Segment Start: RECORDS PROVIDED

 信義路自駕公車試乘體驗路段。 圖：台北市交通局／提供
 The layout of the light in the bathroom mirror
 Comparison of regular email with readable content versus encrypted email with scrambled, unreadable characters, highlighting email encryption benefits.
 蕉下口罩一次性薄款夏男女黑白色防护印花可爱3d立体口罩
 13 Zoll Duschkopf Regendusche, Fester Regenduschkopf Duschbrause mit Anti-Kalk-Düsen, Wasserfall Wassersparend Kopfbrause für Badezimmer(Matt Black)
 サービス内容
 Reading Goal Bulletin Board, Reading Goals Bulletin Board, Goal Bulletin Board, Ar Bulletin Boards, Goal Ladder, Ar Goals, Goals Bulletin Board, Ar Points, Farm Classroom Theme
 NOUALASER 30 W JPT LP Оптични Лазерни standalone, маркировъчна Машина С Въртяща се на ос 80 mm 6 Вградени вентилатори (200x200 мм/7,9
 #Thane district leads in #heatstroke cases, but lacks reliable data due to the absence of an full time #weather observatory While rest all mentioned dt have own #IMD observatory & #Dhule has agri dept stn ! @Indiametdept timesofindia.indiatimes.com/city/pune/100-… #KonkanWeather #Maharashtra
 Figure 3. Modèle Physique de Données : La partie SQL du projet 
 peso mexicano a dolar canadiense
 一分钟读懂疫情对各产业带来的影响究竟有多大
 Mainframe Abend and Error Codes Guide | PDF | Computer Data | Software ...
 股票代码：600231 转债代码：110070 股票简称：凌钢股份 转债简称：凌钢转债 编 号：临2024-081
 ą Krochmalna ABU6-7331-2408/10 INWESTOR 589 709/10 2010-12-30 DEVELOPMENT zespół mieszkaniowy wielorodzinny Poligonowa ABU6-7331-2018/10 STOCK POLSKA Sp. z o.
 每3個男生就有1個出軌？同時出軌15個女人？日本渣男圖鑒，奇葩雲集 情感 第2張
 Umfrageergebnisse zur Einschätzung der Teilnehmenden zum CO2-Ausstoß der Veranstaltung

Segment End: RECORDS PROVIDED

-- TASK TO COMPLETE --
Retype exactly the lines from the start of the entries through the one with "NOUALASER 30 W"; include both ends.

-- TASK ANSWER --
 信義路自駕公車試乘體驗路段。 圖：台北市交通局／提供
 The layout of the light in the bathroom mirror
 Comparison of regular email with readable content versus encrypted email with scrambled, unreadable characters, highlighting email encryption benefits.
 蕉下口罩一次性薄款夏男女黑白色防护印花可爱3d立体口罩
 13 Zoll Duschkopf Regendusche, Fester Regenduschkopf Duschbrause mit Anti-Kalk-Düsen, Wasserfall Wassersparend Kopfbrause für Badezimmer(Matt Black)
 サービス内容
 Reading Goal Bulletin Board, Reading Goals Bulletin Board, Goal Bulletin Board, Ar Bulletin Boards, Goal Ladder, Ar Goals, Goals Bulletin Board, Ar Points, Farm Classroom Theme
 NOUALASER 30 W JPT LP Оптични Лазерни standalone, маркировъчна Машина С Въртяща се на ос 80 mm 6 Вградени вентилатори (200x200 мм/7,9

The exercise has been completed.